Abstract: Machine Learning has been making waves in the tech sector for decades, but only recently are we seeing an acceleration in adoption of Machine Learning technologies by finance companies. In this talk, I will discuss the application of machine learning to a broad range of use cases in portfolio and risk management, as well as common pitfalls to look out for when working with financial data.

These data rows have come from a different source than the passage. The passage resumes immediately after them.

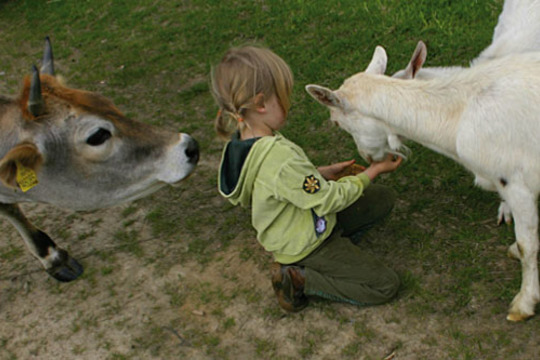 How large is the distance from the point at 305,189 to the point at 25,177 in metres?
1.73

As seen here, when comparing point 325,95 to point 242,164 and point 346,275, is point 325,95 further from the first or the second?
point 346,275

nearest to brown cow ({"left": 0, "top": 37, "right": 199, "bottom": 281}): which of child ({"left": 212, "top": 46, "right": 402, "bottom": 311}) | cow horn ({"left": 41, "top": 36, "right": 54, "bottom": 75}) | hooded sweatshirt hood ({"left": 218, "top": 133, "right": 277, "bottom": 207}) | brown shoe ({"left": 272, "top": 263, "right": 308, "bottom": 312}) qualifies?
cow horn ({"left": 41, "top": 36, "right": 54, "bottom": 75})

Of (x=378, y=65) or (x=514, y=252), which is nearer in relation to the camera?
(x=514, y=252)

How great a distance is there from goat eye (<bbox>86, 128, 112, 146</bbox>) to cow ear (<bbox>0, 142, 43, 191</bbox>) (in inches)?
12.6

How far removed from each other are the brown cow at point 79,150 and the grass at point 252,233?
2.81ft

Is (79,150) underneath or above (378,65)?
above

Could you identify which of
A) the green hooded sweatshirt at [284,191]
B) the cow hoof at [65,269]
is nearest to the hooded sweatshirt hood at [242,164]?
the green hooded sweatshirt at [284,191]

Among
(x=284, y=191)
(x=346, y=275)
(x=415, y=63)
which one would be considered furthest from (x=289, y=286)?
(x=415, y=63)

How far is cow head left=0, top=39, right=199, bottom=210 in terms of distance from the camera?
3.26 metres

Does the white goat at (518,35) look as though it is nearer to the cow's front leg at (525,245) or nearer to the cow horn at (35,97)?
the cow's front leg at (525,245)

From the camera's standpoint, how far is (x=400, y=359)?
2996 mm

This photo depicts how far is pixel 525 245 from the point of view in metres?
3.06

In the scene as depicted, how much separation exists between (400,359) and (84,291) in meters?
2.45

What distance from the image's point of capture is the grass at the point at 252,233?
10.7 ft
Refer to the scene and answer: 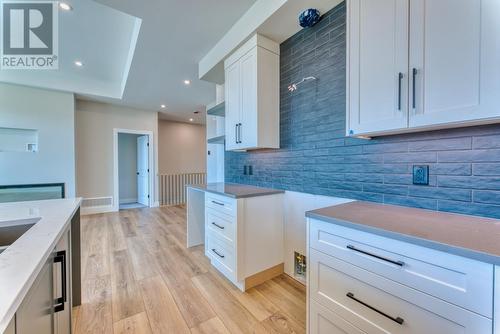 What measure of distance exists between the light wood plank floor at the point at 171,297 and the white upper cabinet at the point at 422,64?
1.48 m

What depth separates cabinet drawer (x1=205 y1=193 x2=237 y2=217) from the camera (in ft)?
6.31

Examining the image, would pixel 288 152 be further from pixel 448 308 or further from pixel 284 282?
pixel 448 308

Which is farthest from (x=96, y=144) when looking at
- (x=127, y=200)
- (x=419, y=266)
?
(x=419, y=266)

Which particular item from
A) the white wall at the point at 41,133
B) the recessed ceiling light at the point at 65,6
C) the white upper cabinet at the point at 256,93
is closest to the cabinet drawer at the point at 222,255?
the white upper cabinet at the point at 256,93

Learning Outcomes & Takeaways for Attendees
Understand how Machine Learning can be applied to the financial sector in various ways:
Detection of black swan events
Bet sizing & alpha capture
Learn about key challenges in applying machine learning to financial data
Non-stationarity of time series data
Bio: Min Yan is a Quantitative Researcher at Credit Suisse, where she utilises cutting-edge machine learning and statistical models to optimise automated trading strategies. Before that, she worked in various Artificial Intelligence startups such as SWAT Mobility and KeyReply, on geospatial optimisation problems and multilingual Natural Language Processing models for context-aware chatbots. She was also part of Yahoo’s Search and Advertisement Platforms team in Silicon Valley, where she built distributed algorithms trained with deep neural networks on Tensorflow and Spark.
During her graduate studies at Carnegie Mellon University, Min Yan’s research was focused on developing AI-driven innovative sensing systems under the Human-Computer Interaction Institute. She has authored papers on extending the capabilities of wearable sensors and computer vision systems for health sensing, and using clustering algorithms to provide semi-automated feedback on programming assignments.
Currently, Min Yan also leads the team of Data Science Instructors at Heicoders Academy, a renowned technology education institution based in Singapore. She has a deep passion for education and seeks to make AI education accessible to the layperson.